# [Short descriptive text snippets]
- - -
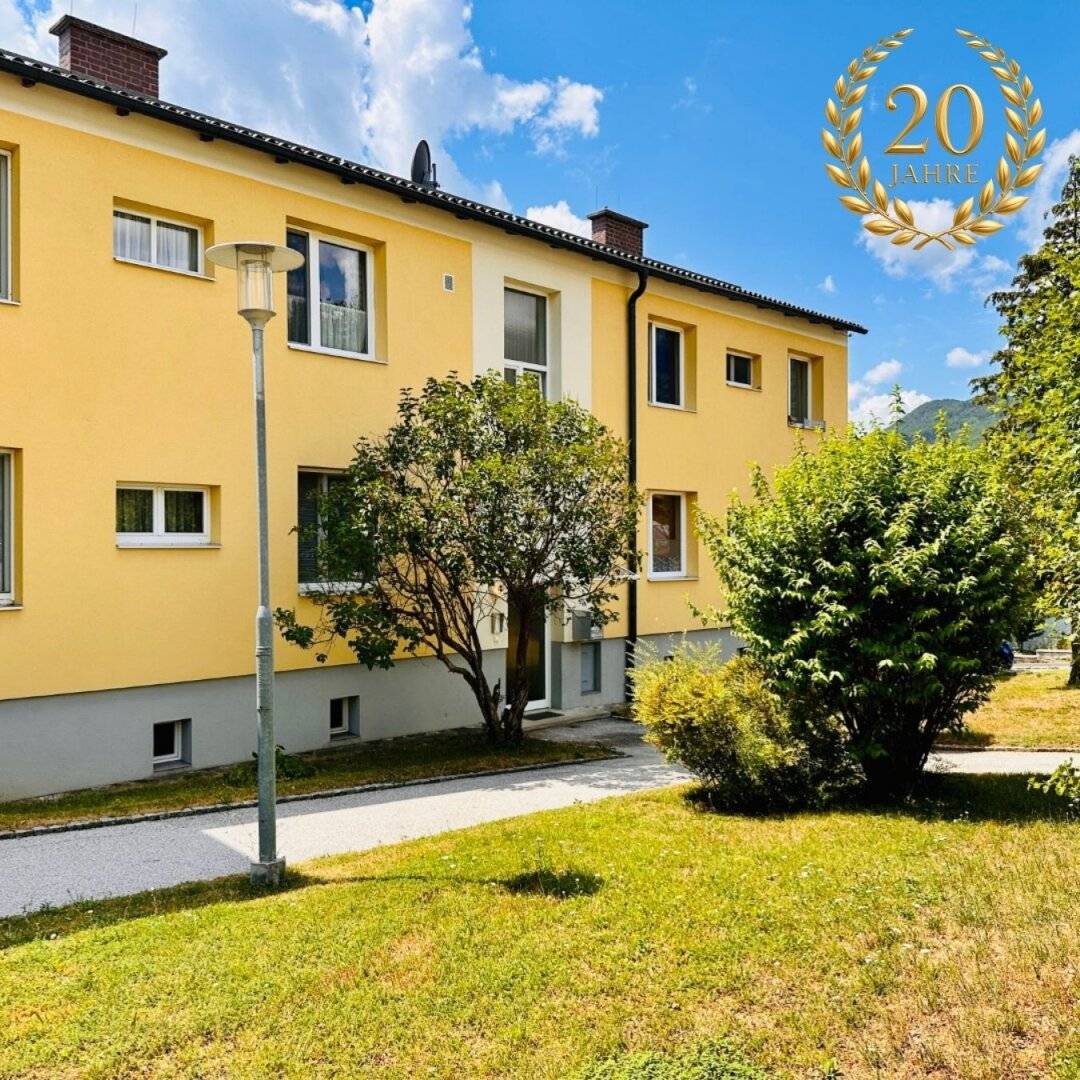 Helle Eigentumswohnung mit Balkon &amp; Schneebergblick | Garage für 2 Fahrzeuge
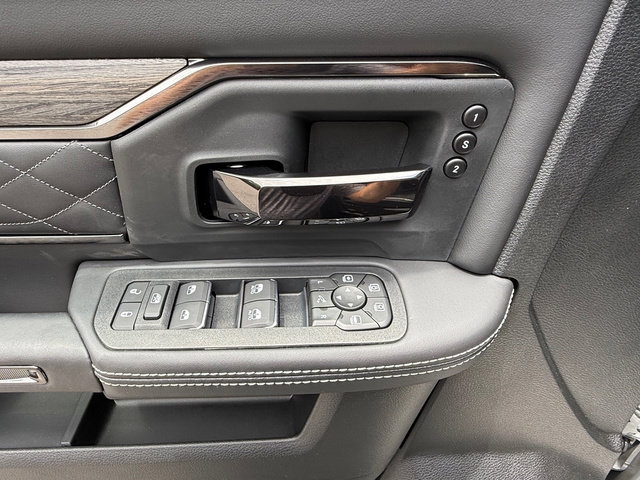 New 2026 RAM 3500 Limited AWD/4WD image 17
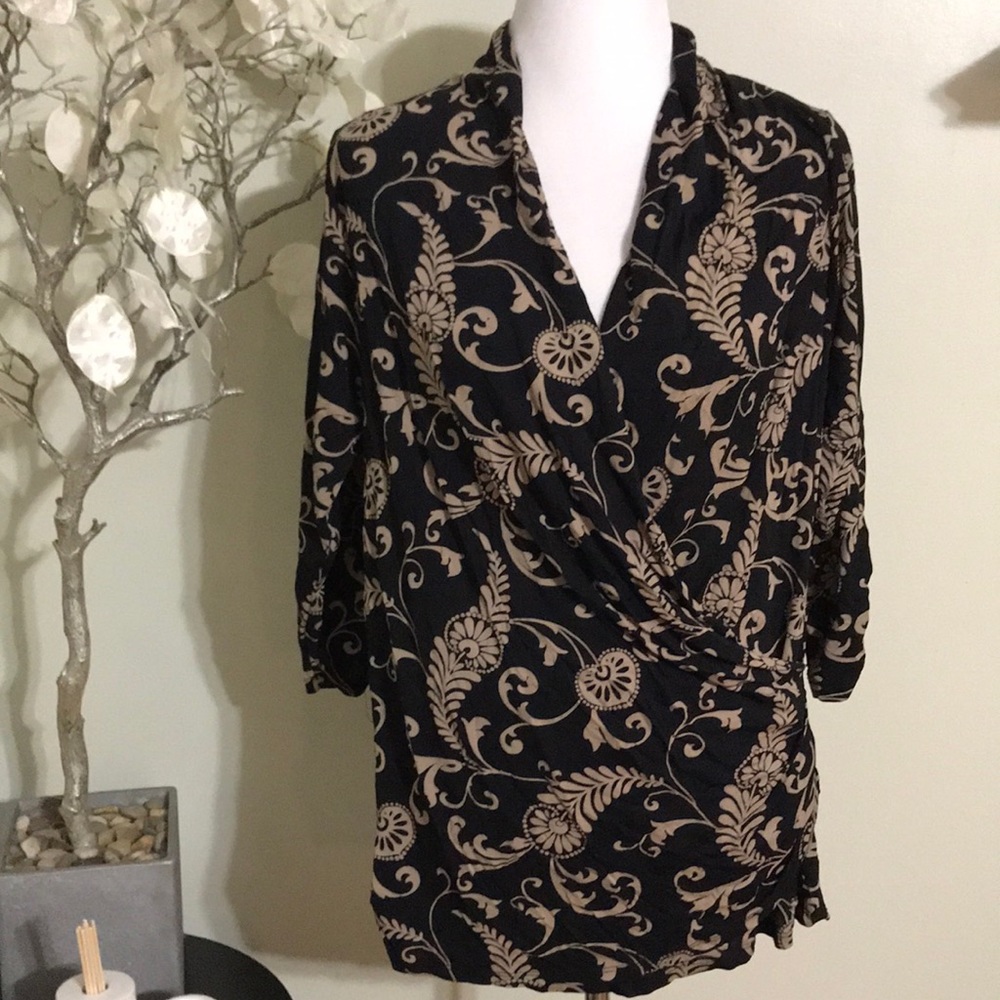 KAREN KANE FRONT WRAP TOP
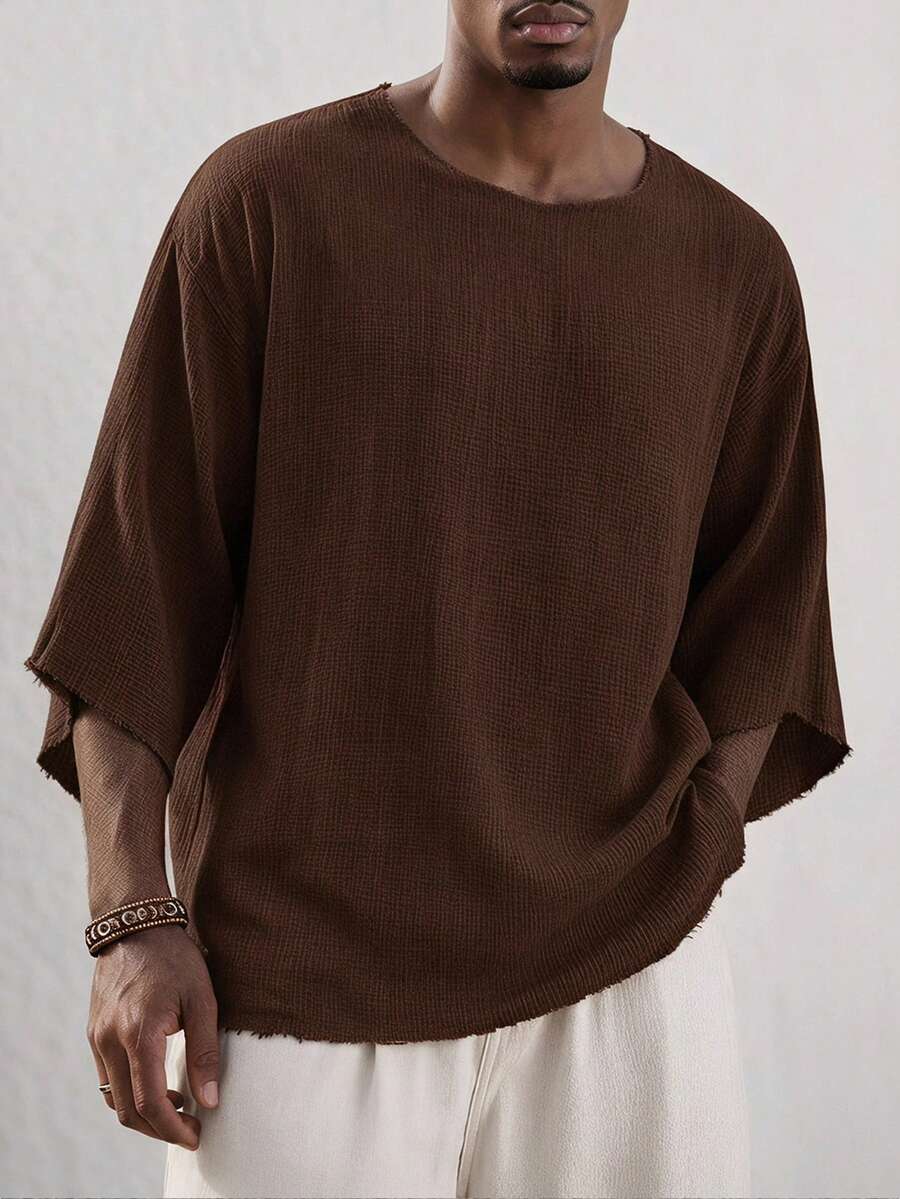 Manfinity VCAY 男士深棕色棉質寬鬆紋理皺褶 T 恤，夏季休閒度假風，原邊毛邊下擺套頭圓領半袖上衣，足球風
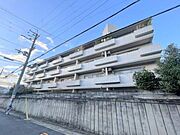 太秦駅より徒歩6分 築42年7ヶ月 4階建の賃貸物件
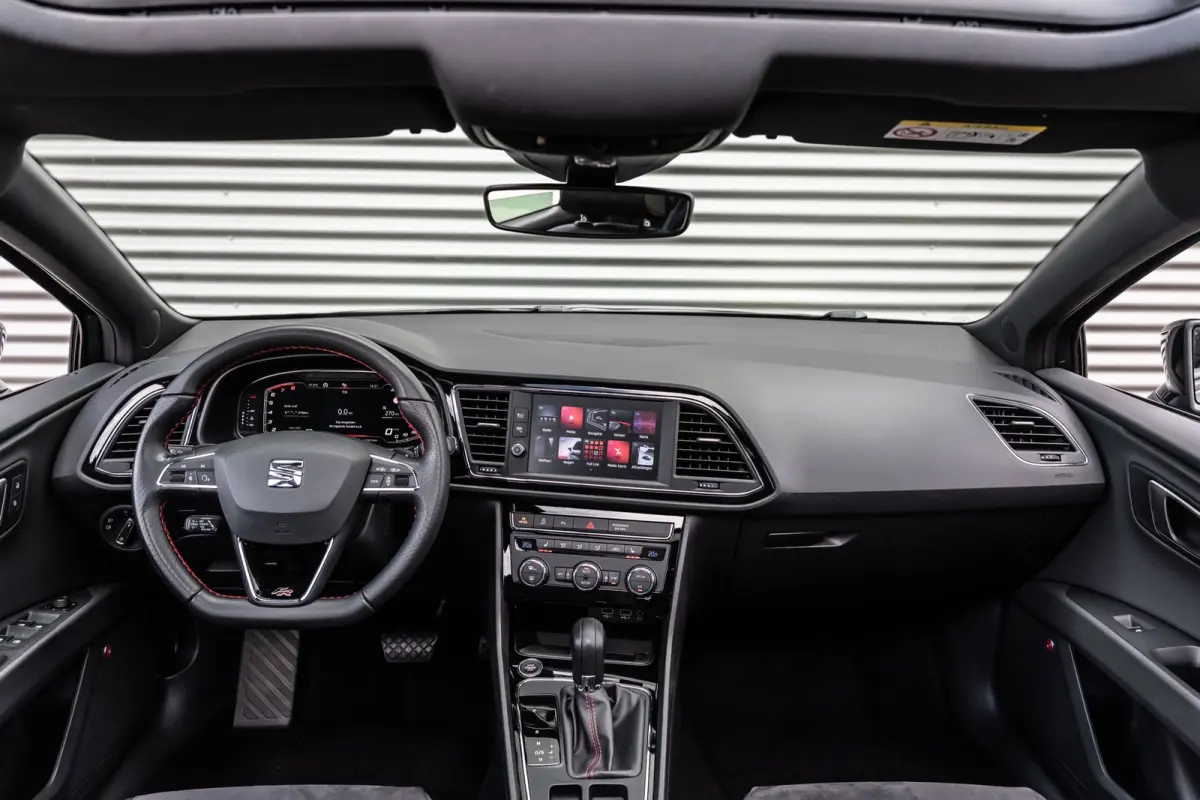 1.5 TSI FR Ultimate Edition Black VIRTUAL*ACC*PANO*KEYLESS*BEATS*LANE
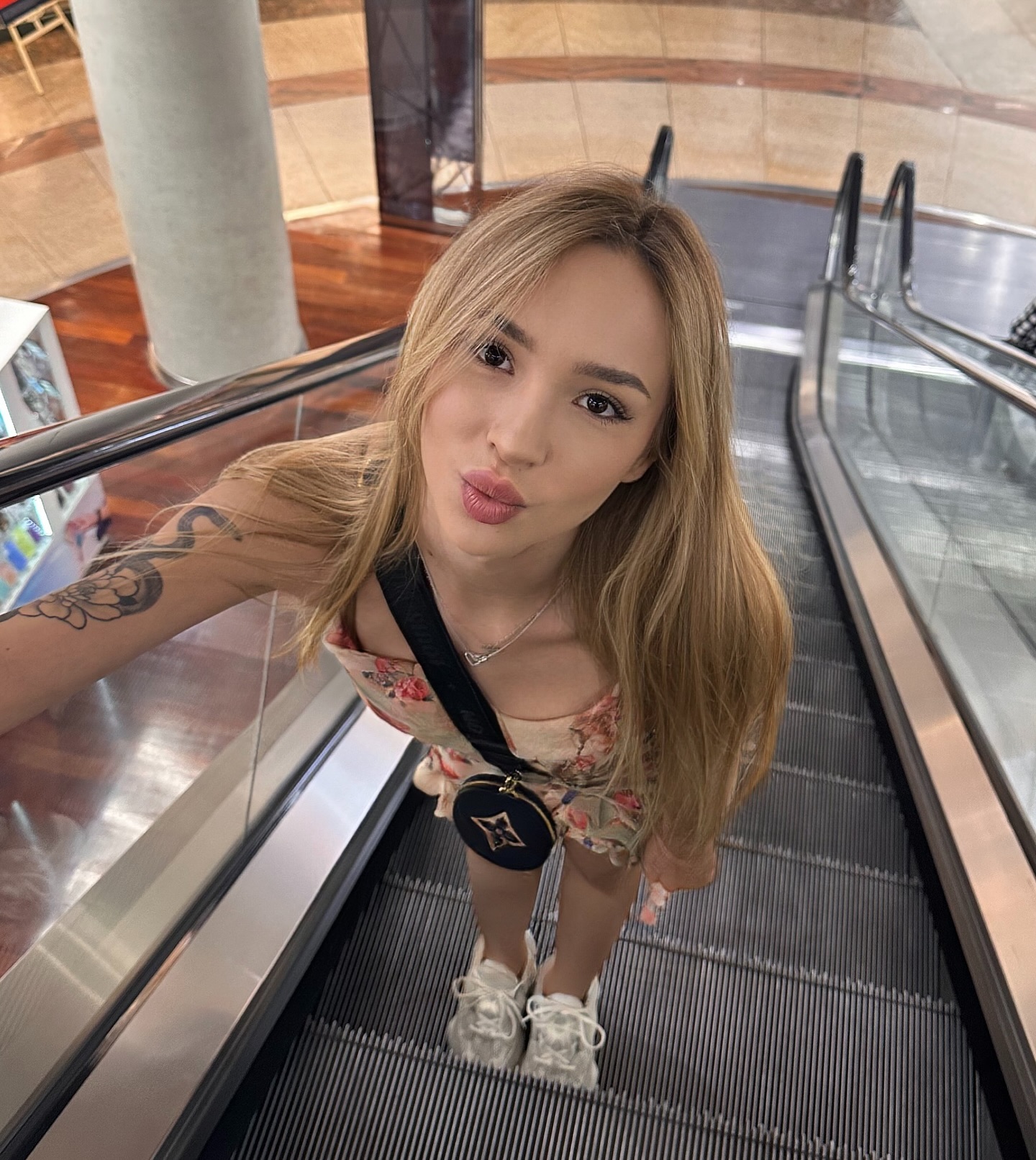 Mrs Honey ardent hot photos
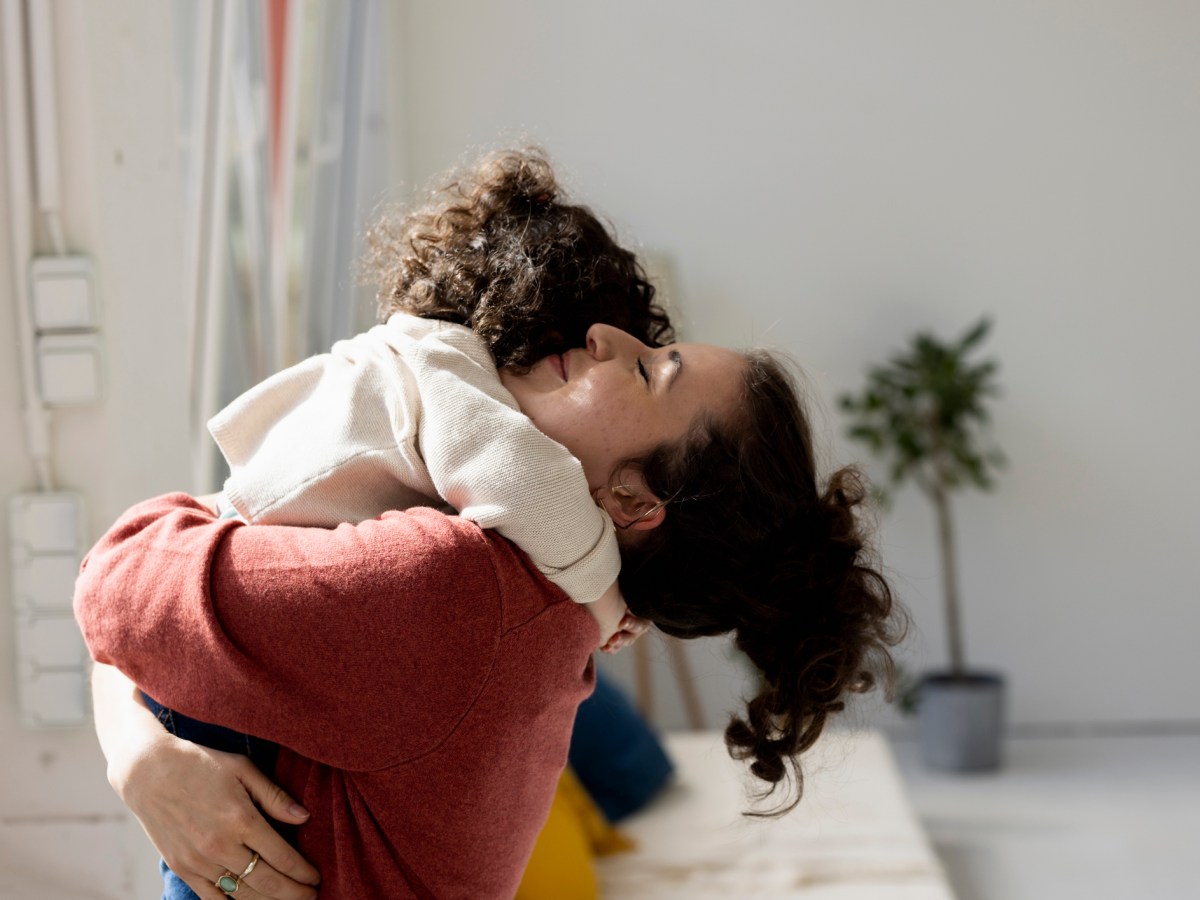 Mutterinstinkt und Urvertrauen: Diese 3 Sternzeichen sind die geborenen Mamas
- - -
The result should be a word-for-word restatement of all the data, without images.

# [EXERCISE RESULT]
 Helle Eigentumswohnung mit Balkon &amp; Schneebergblick | Garage für 2 Fahrzeuge
 New 2026 RAM 3500 Limited AWD/4WD image 17
 KAREN KANE FRONT WRAP TOP
 Manfinity VCAY 男士深棕色棉質寬鬆紋理皺褶 T 恤，夏季休閒度假風，原邊毛邊下擺套頭圓領半袖上衣，足球風
 太秦駅より徒歩6分 築42年7ヶ月 4階建の賃貸物件
 1.5 TSI FR Ultimate Edition Black VIRTUAL*ACC*PANO*KEYLESS*BEATS*LANE
 Mrs Honey ardent hot photos
 Mutterinstinkt und Urvertrauen: Diese 3 Sternzeichen sind die geborenen Mamas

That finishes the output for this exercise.